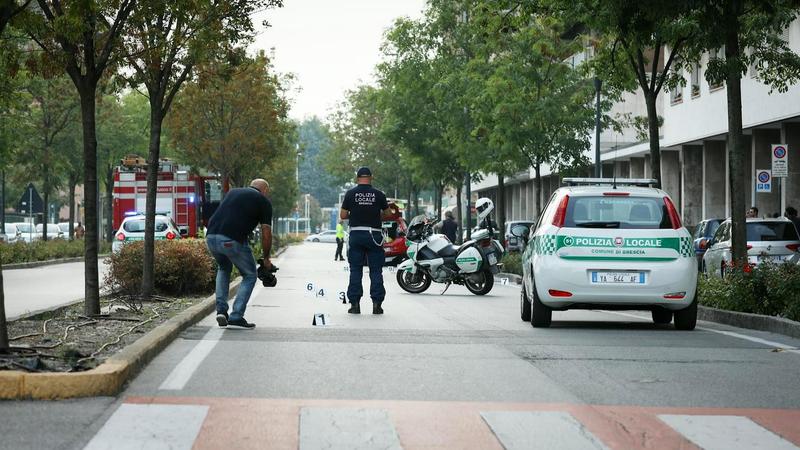Brescia, la morte assurda di Luigi Lanzini: scende un attimo dal marciapiede, in quell’istante il portello di un furgone in transito si spalanca e lo colpisce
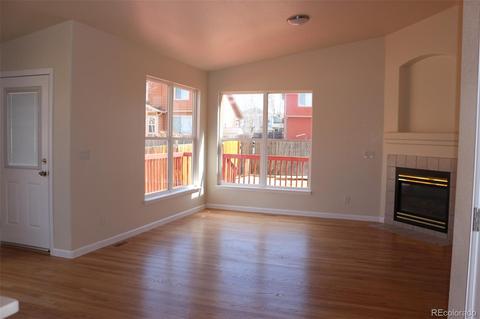 4938 Dillon St, Denver, CO 80239 photo 6
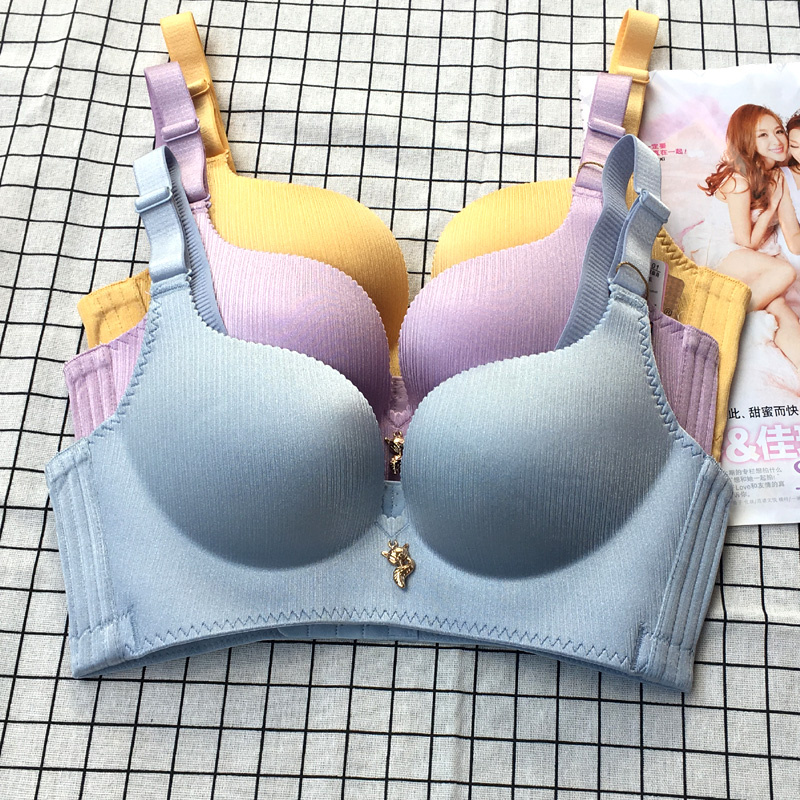 无钢圈内衣防下垂小胸聚拢文胸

════

- [What you are asked to do]
Leaving the pictures out, output each line of the listing exactly.

- [Answer]
Brescia, la morte assurda di Luigi Lanzini: scende un attimo dal marciapiede, in quell’istante il portello di un furgone in transito si spalanca e lo colpisce
 4938 Dillon St, Denver, CO 80239 photo 6
 无钢圈内衣防下垂小胸聚拢文胸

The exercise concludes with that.